Buckley was a brilliant writer and sparkling debater and public personality, especially in his prime. He could charm and disarm practically any opponent, and that quality allowed him quickly to win the approval of the liberal establishment he attacked — much of it, anyway.

His effect on conservatism — on what he still called individualism when he rose to fame in the early 1950s — was revolutionary. The lions of the Old Right were quite old by then, those who were still alive at all. The anti-New Deal Right needed new leadership, and Buckley seemed to be the most articulate and promising young man on the scene, by far. Buckley, however, was a committed cold warrior, a contrast to Old Right figures like Frank Chodorov, John T. Flynn, and Felix Morley, who were still active in the 1950s. Buckley usually — always, to the best of my knowledge — spoke fondly of them. But he took the Right in a very different direction, toward military intervention and a more imperial foreign (and, ultimately, with the concentration of power in the executive, domestic) foreign policy. A famous quote of Buckley’s from Commonweal magazine said that if we had to build a totalitarian bureaucracy on these shores to resist Soviet Communism, so be it.

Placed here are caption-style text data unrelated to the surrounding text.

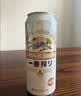 麒麟（Kirin）一番榨黄啤酒 500ml*24听清爽经典京东自营 实拍图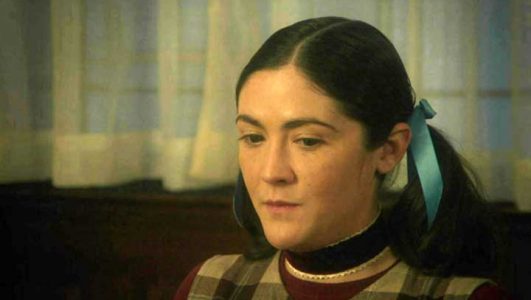 Дитя тьмы первая жертва 2022 фильм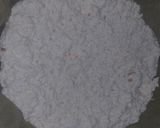A picture of step 3 of Chanar Sondesh.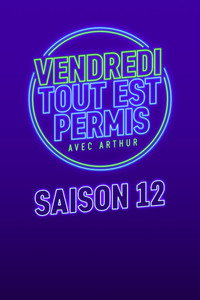 Temporada 12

As charming as he could be to his enemies on the left, when he chose to excommunicate a former friend or colleague from the respectable Right, he was ruthless. The anathemas he pronounced stretched to the grave and beyond, as witness his savage and inaccurate obituary for the libertarian Murray Rothbard, whom Buckley accused of being soft on Khrushchev. Without necessarily agreeing de mortuis nil nisi bonum (that one should say nothing but good things about the dead) even someone less of an admirer of Rothbard than I am might agree that the poor taste and manners on display in Buckley’s obituary reflect poorly on the man who wrote it.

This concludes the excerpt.